## CNN Classification

In [1]:
from PIL import Image
import glob
import numpy as np
from sklearn.model_selection import train_test_split
from sklearn import preprocessing
import keras
from keras.utils import to_categorical
from keras.models import Sequential
from keras.layers import Conv2D, MaxPool2D, Dense, Activation, Flatten

Using TensorFlow backend.


Load image files from 'PIE' folder and 'own_image' folder.

The 20 subjects out of the entire data set are selected using a random number generator to ensure randomness and prevent any bias.

The images are splited into training and test sets. 

Preprocess images using standard scaler from sklearn package, reshape the images to fit into CNN

Since sampling is not mentioned in the instructions provided, the entire training set is used to train the model.

In [2]:
img_dir_list = ['PIE/1/*.jpg', 'PIE/4/*.jpg', 'PIE/5/*.jpg', \
               'PIE/19/*.jpg', 'PIE/21/*.jpg', 'PIE/23/*.jpg', \
               'PIE/25/*.jpg', 'PIE/29/*.jpg', 'PIE/33/*.jpg', \
               'PIE/39/*.jpg', 'PIE/40/*.jpg', 'PIE/44/*.jpg', \
               'PIE/45/*.jpg', 'PIE/46/*.jpg', 'PIE/48/*.jpg', \
               'PIE/52/*.jpg', 'PIE/57/*.jpg', 'PIE/58/*.jpg', \
               'PIE/59/*.jpg', 'PIE/67/*.jpg']
image_list = []
image_own = []
train_list = []
train_own = []
test_list = []
test_own = []
image_label = []
own_label = [20] * 10

for i in range (0, 20):
    for filename in glob.glob(img_dir_list[i]):
        im = Image.open(filename)
        arr = np.array(im).flatten()
        image_list.append(arr)
        image_label.append(i)
for filename in glob.glob('own_image/*.jpg'):
    im = Image.open(filename)
    arr = np.array(im).flatten()
    image_own.append(arr)
    
image_list = np.asarray(image_list)
image_own = np.asarray(image_own)
image_label = np.asarray(image_label)
own_label = np.asarray(own_label)

train_list, test_list, train_label, test_label = train_test_split(image_list, image_label, test_size = 0.3)
train_list = np.asarray(train_list)
test_list = np.asarray(test_list)
train_label = np.asarray(train_label)
test_label = np.asarray(test_label)

train_own, test_own, train_own_label, test_own_label = train_test_split(image_own, own_label, test_size = 0.3)
train_own = np.asarray(train_own)
test_own = np.asarray(test_own)
train_own_label = np.asarray(train_own_label)
test_own_label = np.asarray(test_own_label)
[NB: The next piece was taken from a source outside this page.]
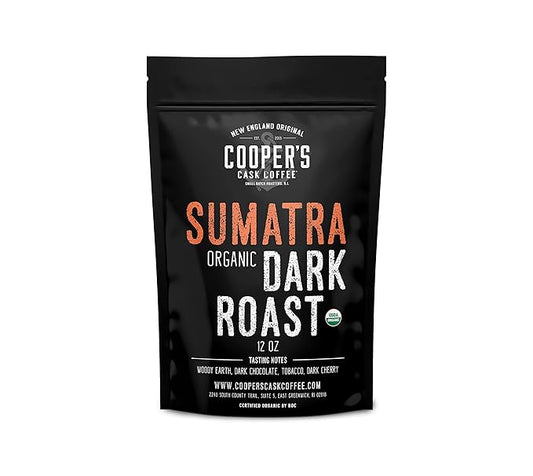 Organic Dark Roast Sumatra, Smooth and Rich Single Origin Grade 1 Premium Coffee - 12 oz Bag (Whole Bean)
test_list = np.concatenate((test_list, test_own))
test_label = np.concatenate((test_label, test_own_label))
train_list = np.concatenate((train_list, train_own))
train_label = np.concatenate((train_label, train_own_label))

test_list = np.asarray(test_list)
train_list = np.asarray(train_list)

sc = preprocessing.StandardScaler()
train_list_prep = sc.fit_transform(train_list)
test_list_prep = sc.transform(test_list)

test_list = test_list_prep.reshape(test_list_prep.shape[0], 32, 32, 1)
train_list = train_list_prep.reshape(train_list_prep.shape[0], 32, 32, 1)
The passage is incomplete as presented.